Various spellings may be used for terms used in the description. These variations are to be understood to relate to the same term unless denoted otherwise. For example: fail-safe is also spelled fail safe, and failsafe; start-up is also spelled startup, and start up; subthreshold is also spelled sub-threshold, and sub threshold; etc.

A machine-readable medium is understood to include any mechanism for storing or transmitting information in a form readable by a machine (e.g., a computer). For example, a machine-readable medium includes read only memory (ROM); random access memory (RAM); magnetic disk storage media; optical storage media; flash memory devices; electrical, optical, acoustical or other form of propagated signals which upon reception causes movement in matter (e.g. electrons, atoms, etc.) (e.g., carrier waves, infrared signals, digital signals, etc.); etc.

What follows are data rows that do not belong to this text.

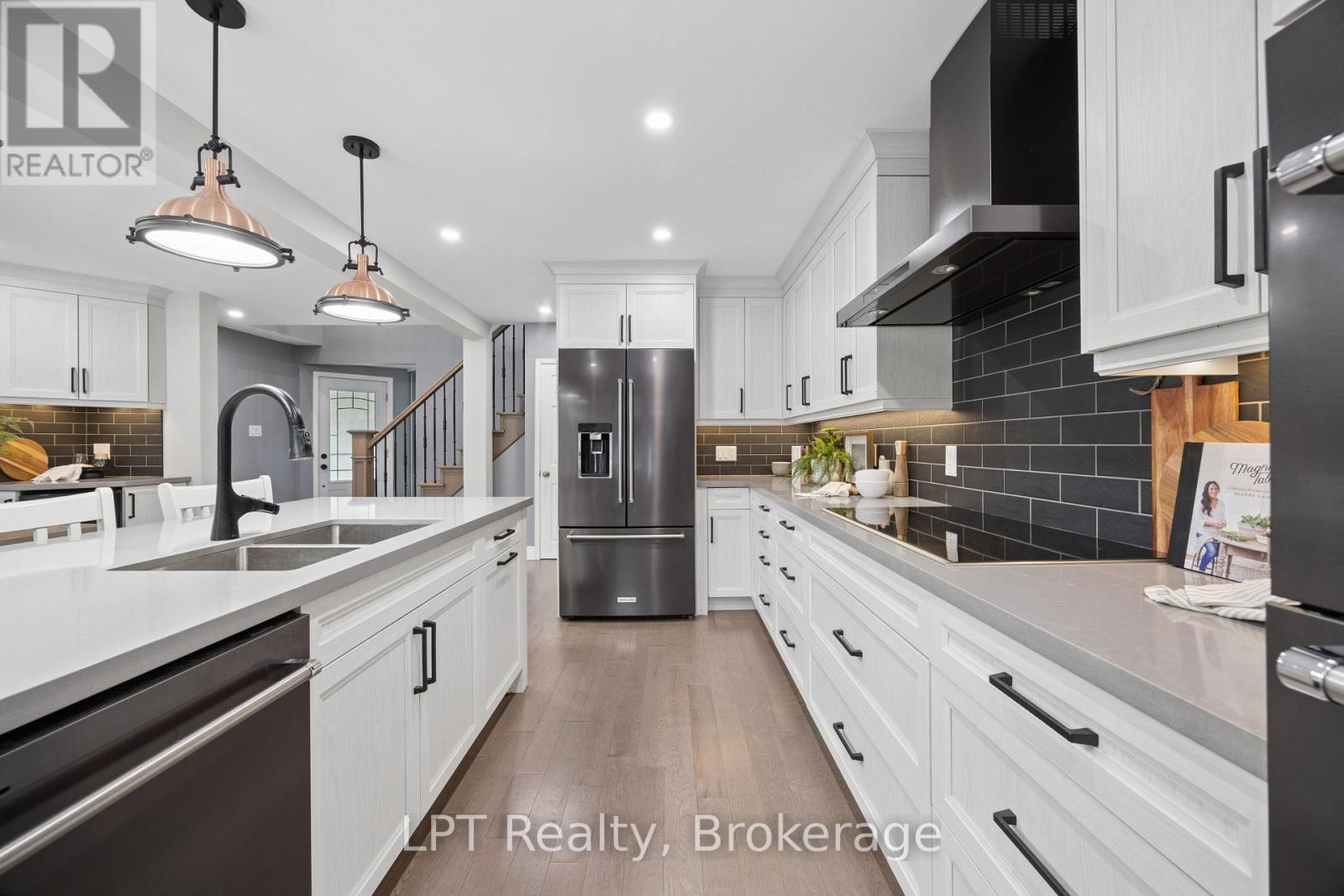 178 SANDRINGHAM DRIVE - 12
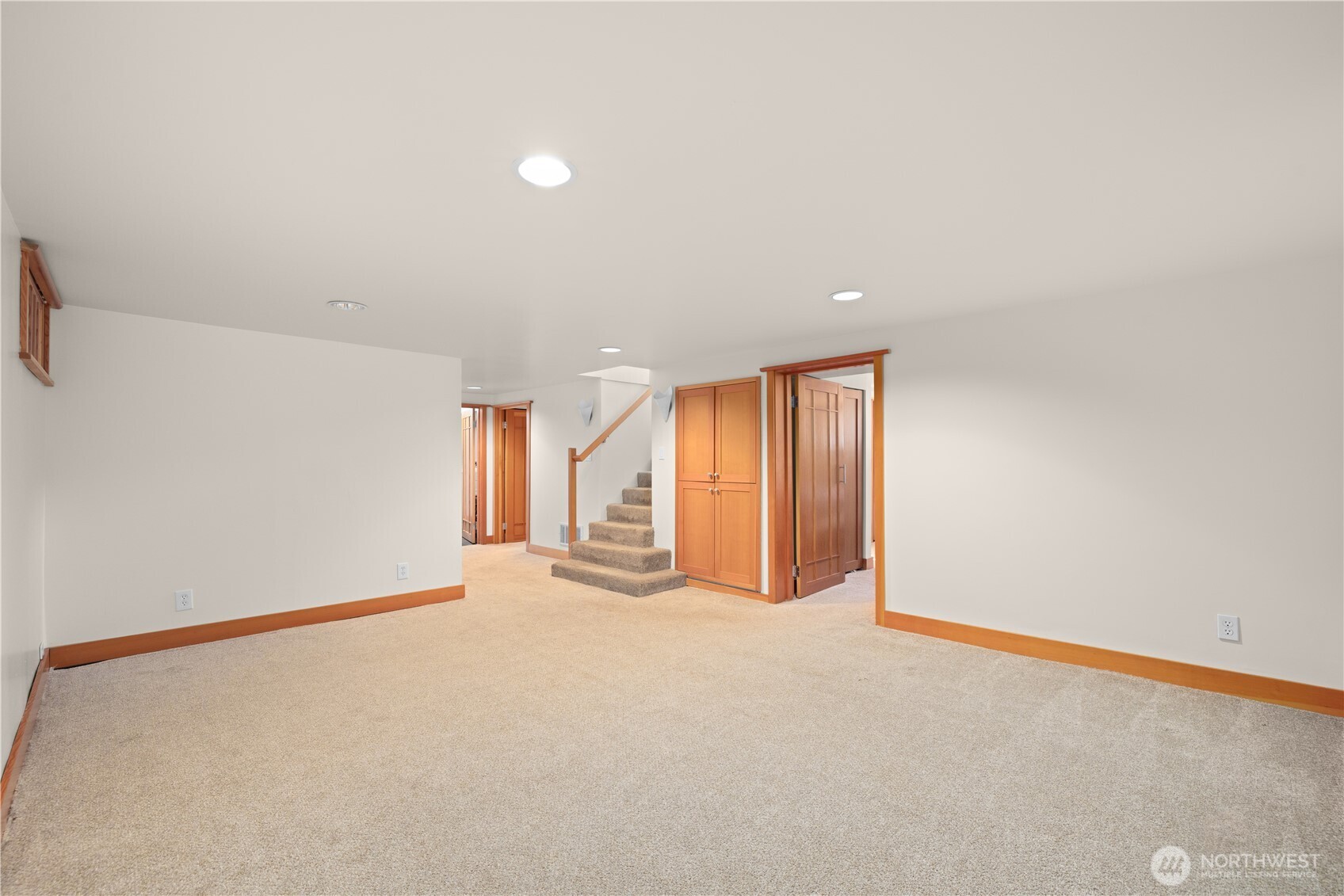 1537 Thorndyke Avenue Property Photo 25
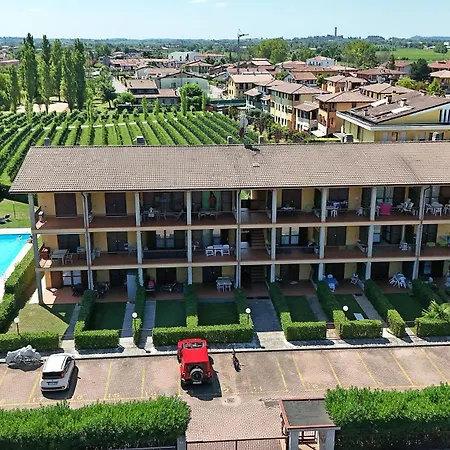 Susie's Place 아파트 시르미오네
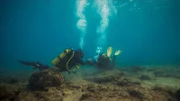 Albert Lin und Assaf Yasur-Landau tauchen auf der Suche nach einer großen Stadt im Heiligen Land, die von der Geschichte vergessen wurde. (National Geographic)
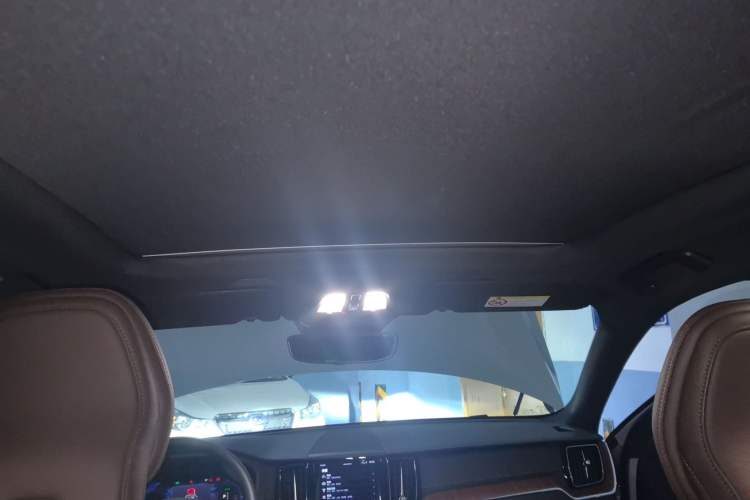 Used Volvo XC60 New Energy 2023 T8 Plug-in Hybrid Long-Range All-Wheel Drive Smart & Luxurious Enjoyment Edition Headliner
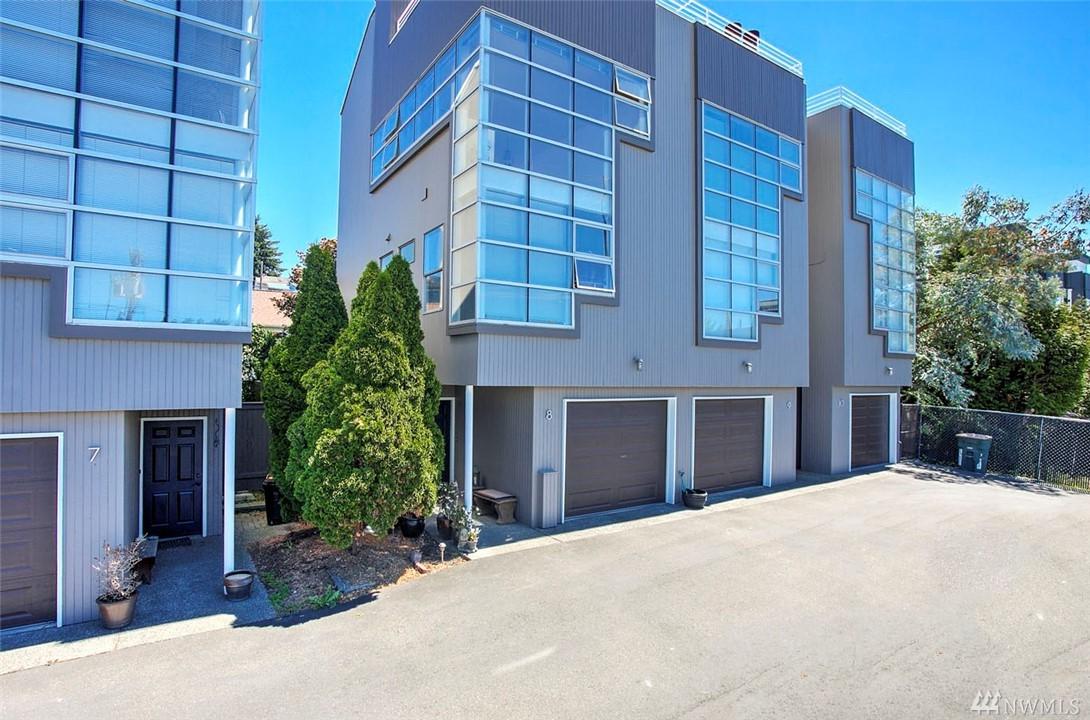 2364 Fairview Ave - Photo 1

As used in this description, “one embodiment” or “an embodiment” or similar phrases means that the feature(s) being described are included in at least one embodiment of the invention. References to “one embodiment” in this description do not necessarily refer to the same embodiment; however, neither are such embodiments mutually exclusive. Nor does “one embodiment” imply that there is but a single embodiment of the invention. For example, a feature, structure, act, etc. described in “one embodiment” may also be included in other embodiments. Thus, the invention may include a variety of combinations and/or integrations of the embodiments described herein.

As used in this description, “substantially” or “substantially equal” or similar phrases are used to indicate that the items are very close or similar. Since two physical entities can never be exactly equal, a phrase such as “substantially equal” is used to indicate that they are for all practical purposes equal.

It is to be understood that in any one or more embodiments of the invention where alternative approaches or techniques are discussed that any and all such combinations as my be possible are hereby disclosed. For example, if there are five techniques discussed that are all possible, then denoting each technique as follows: A, B, C, D, E, each technique may be either present or not present with every other technique, thus yielding 2^5 or 32 combinations, in binary order ranging from not A and not B and not C and not D and not E to A and B and C and D and E. Applicant(s) hereby claims all such possible combinations. Applicant(s) hereby submit that the foregoing combinations comply with applicable EP (European Patent) standards. No preference is given any combination.

Thus a method and apparatus for frequency compensation for multi-band VCO have been described.